Exercise details: Once the line with "萤石携新品Y5000FVXU" is found, write it out along with each later line exactly, through the end of the entries, skipping every picture.

Dataset entries:
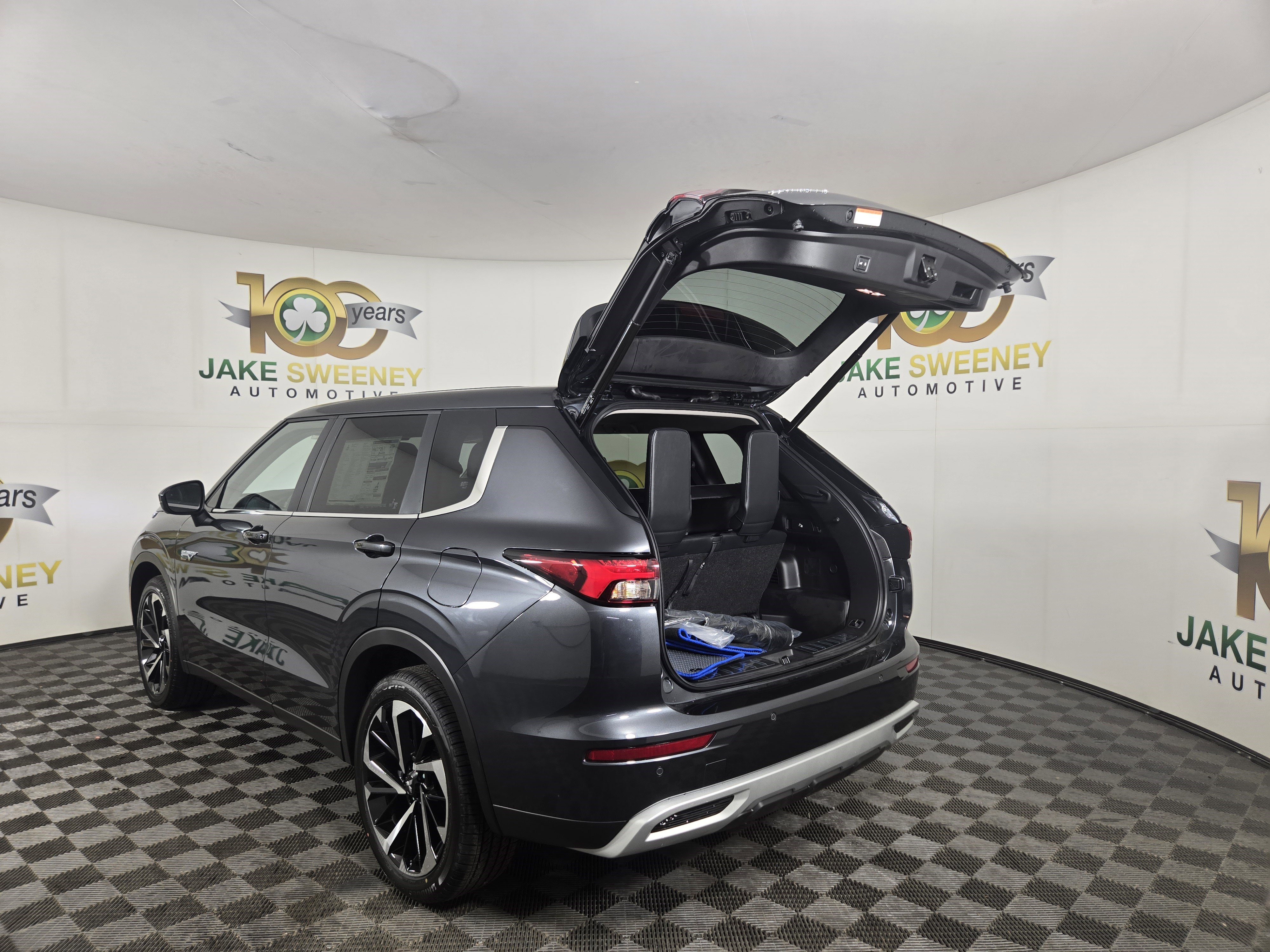 New 2025 Mitsubishi Outlander SE image 33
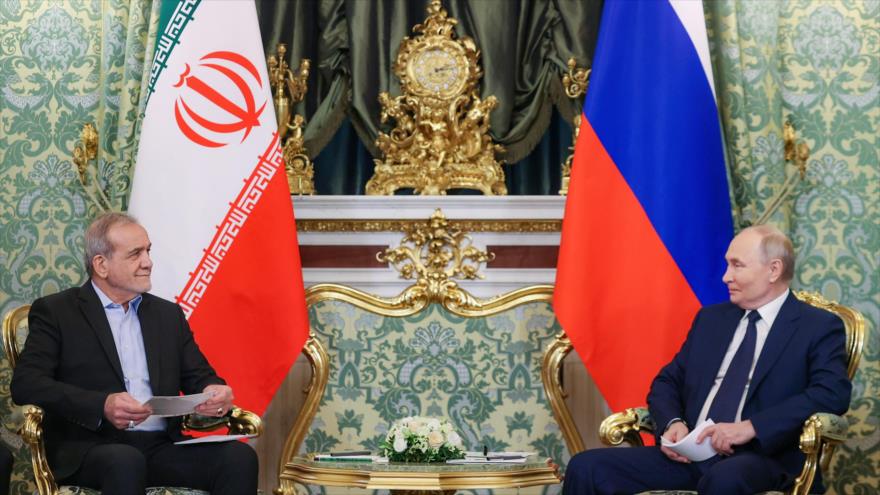 El presidente de Irán, Masud Pezeshkian (izda.) y su homólogo ruso, Vladímir Putin, en Moscú, 17 de enero de 2025.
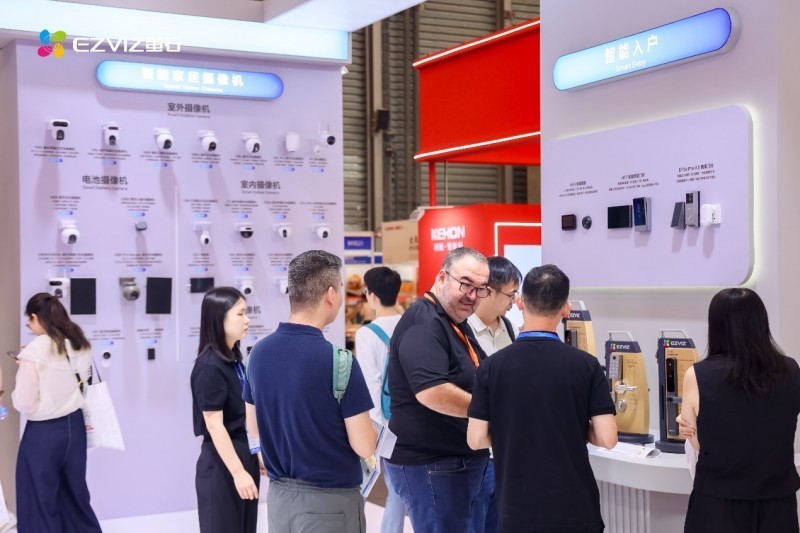 萤石携新品Y5000FVXUltra亮相国际五金展,权威认证彰显AI智能锁引领地位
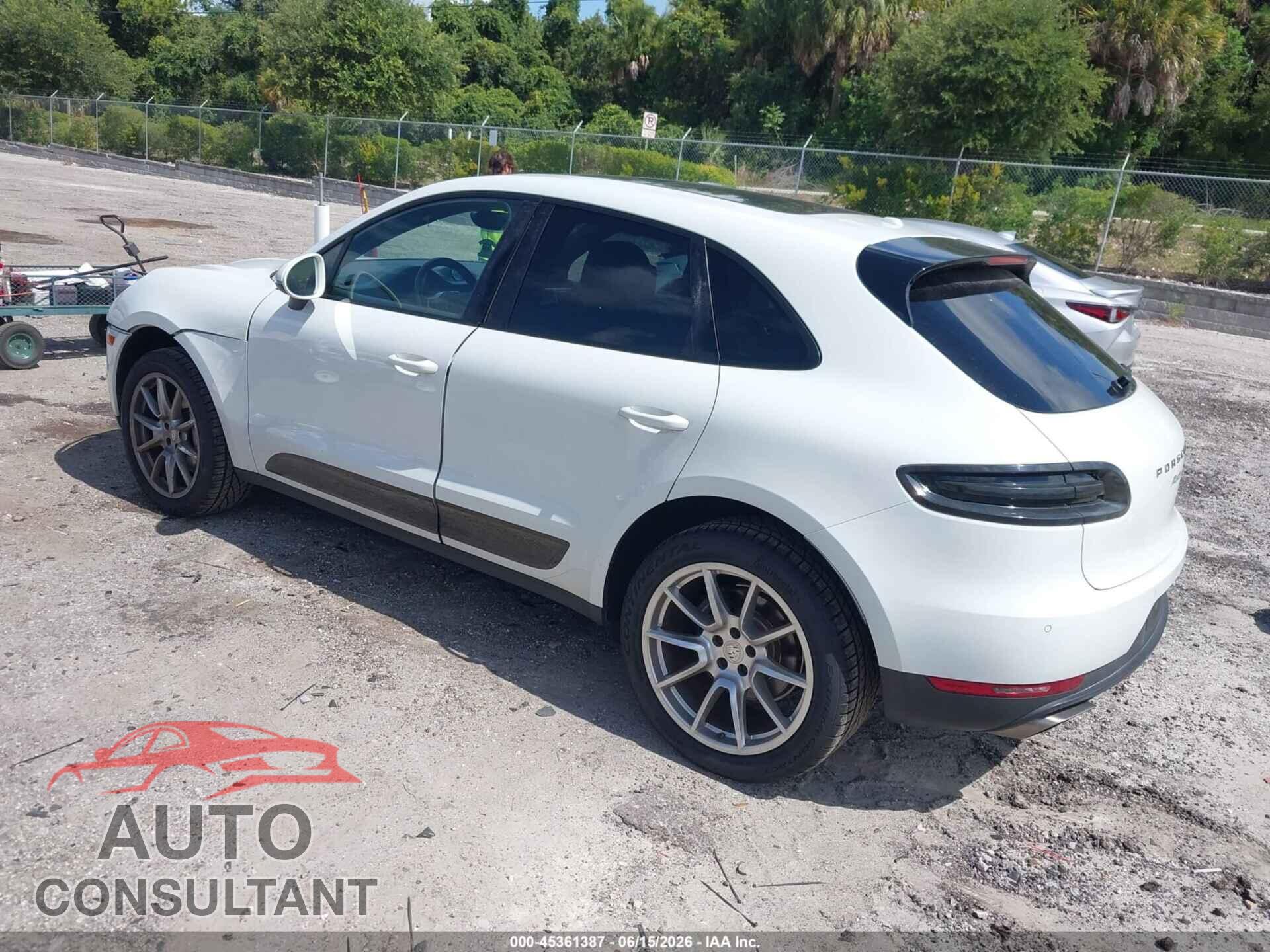 PORSCHE MACAN 2017 - WP1AA2A54HLB08573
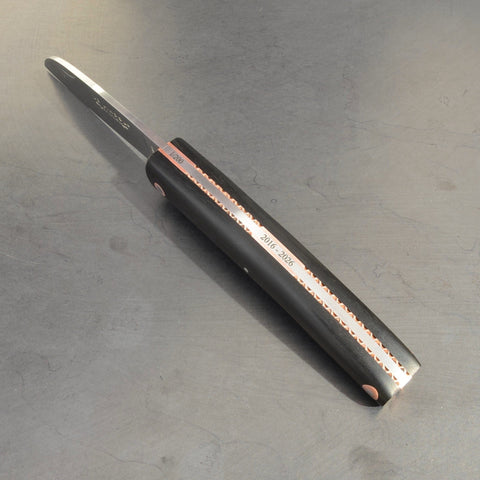 Liadou Exception in Ebony with Chiseled Plates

Your response:
 萤石携新品Y5000FVXUltra亮相国际五金展,权威认证彰显AI智能锁引领地位
 PORSCHE MACAN 2017 - WP1AA2A54HLB08573
 Liadou Exception in Ebony with Chiseled Plates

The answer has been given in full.